A recent TfN Community Rail User Stakeholder Event brought together partners from across the sector to explore lessons learned from the pandemic and discuss how the industry can better work together in 2022.
Reflecting on the challenges that the past two years have brought to the railways, including reduced passenger figures, staff shortages and streamlined timetables, the event explored the way that a shift in living and working patterns has impacted passenger needs and demand, and the ways in which the industry has quickly adapted to this.
David Hoggarth, Strategic Rail Director at Transport for the North, said: “Getting back on the train following the lockdown in 2021, it was striking to see how much of a step change there had been and the difference in overall atmosphere on the railways.

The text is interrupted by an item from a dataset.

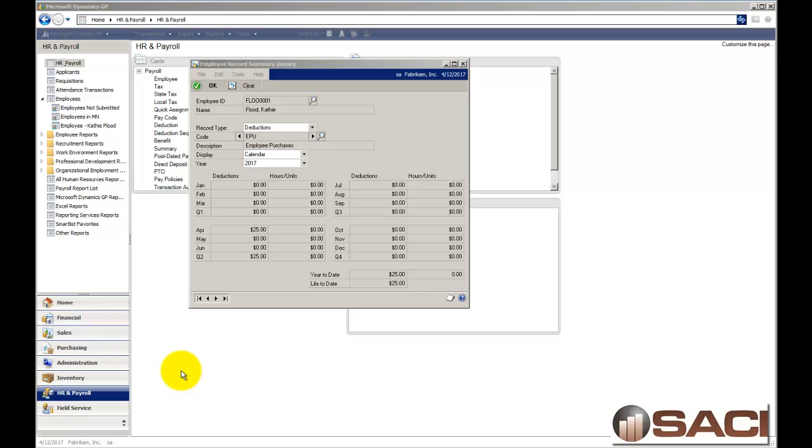Hi. During a recent GP user group training class for payroll, the question arose about how to handle the situation where you have deducted too much from an employee and you need to pay him back. My suggestion is, where possible, completely void the check and reissue the check again. That's the best way to do it.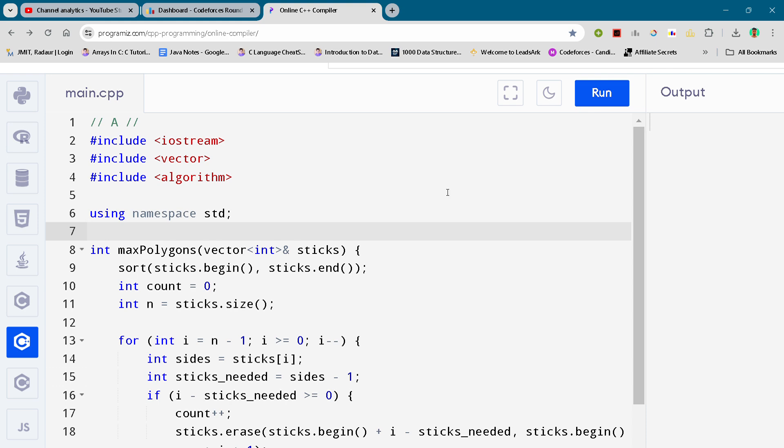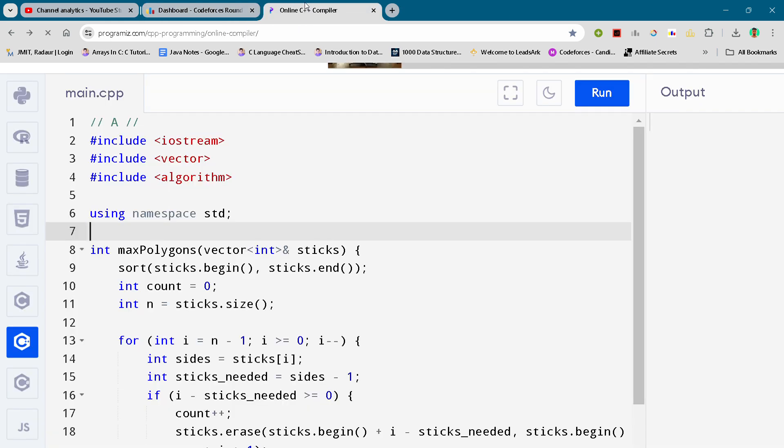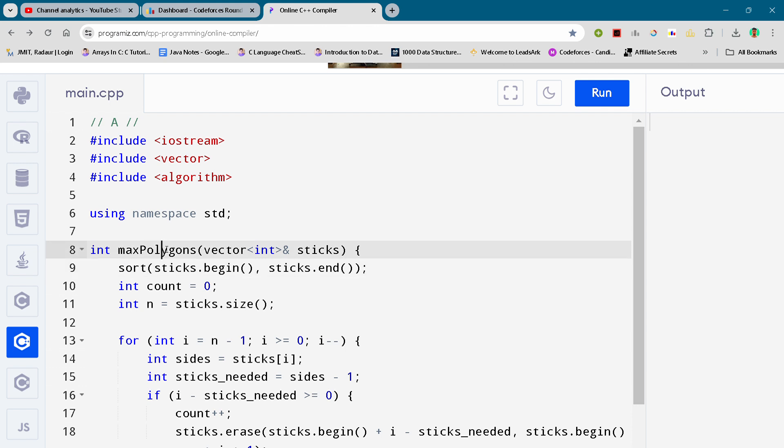Hi guys, I'm back with another CodeForces Round 940. In this video I'll be giving you the solution for problem A, absolutely free. If you want to copy paste the solution, the link for the Telegram is in the description. You can join that. Now coming to our solution, here you can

“This included everything from a new station platform at Leeds, removal of pacer trains from the network and a cleaner and calmer environment across the networks.
“Despite the challenges of the past few years, we are emerging with a better, more efficient railway that people can enjoy.
“Alongside investment from the train operating companies and Network Rail, a lot of this is thanks to our partners across the Community Rail Network.”
The event brought together train operating companies Northern and Transpennine Express, alongside key industry organisations like Network Rail to provide an update on activity from over the past year.
Community Rail Network members were also given the opportunity to share some of their highlights from the year, which included impactful work with young people on safety and trespassing campaigns.
Road to rail
Another key theme emerging from the event was the pivotal role that rail must play in the transport decarbonisation agenda and sustainable travel.
Peter Cole, principal environmental and sustainability officer at TfN set out the way that rail partners can help the UK achieve its ambitious zero carbon targets.
Cole said: “Our recently launched Decarbonisation Strategy, the first of its kind for the North, sets out how rail is already one of the least carbon intensive ways to travel and accounts for less than 3% of transport emissions in the North.
“Therefore, the biggest decarbonisation gains will come from encouraging more people to switch from road to rail.
"A key priority for Transport for the North this year is working with partners to turn ambitious words into tangible delivery, and as the Community Rail Network are the eyes and ears on the ground across the North, they are integral to helping achieve these goals.”
Jools Townsend, chief executive of the Community Rail Network, said there had been a strong focus over the past year on encouraging and enabling more people to use rail as one of the greenest ways to travel and supporting local resilience and recovery from the pandemic.
She said: “If we are to succeed in increasing access to opportunity while shifting as many journeys as we can away from private cars, onto rail, buses, walking and cycling, we need to work with local people and break down barriers.
“The community rail movement is uniquely placed to do that.”
Attendees agreed that encouraging passengers back onto the railways and attracting new passengers was key.
Speakers from Merseytravel and Transport North East spoke of putting user experience at the heart of the work they do.
Meanwhile Michael Paul, head of advice and information at Disability Rights UK, discussed the importance of breaking down barriers and the “huge opportunities in a more rounded approach to passenger assistance”, encouraging collaborative working across the network.
Summarising the event, Hoggarth reflected: “To make sure we grasp the opportunities this new era for the railway presents, we must continue to make the case for investment and better collaborate with partners to create a greener, cleaner and more inclusive railway.
“The Community Rail Network alongside user and station groups are integral to the success of the railways as they help us to better understand local needs and listen to people’s views through genuine engagement, and we look forward to continuing our work together throughout the year to make a difference in our Northern communities.”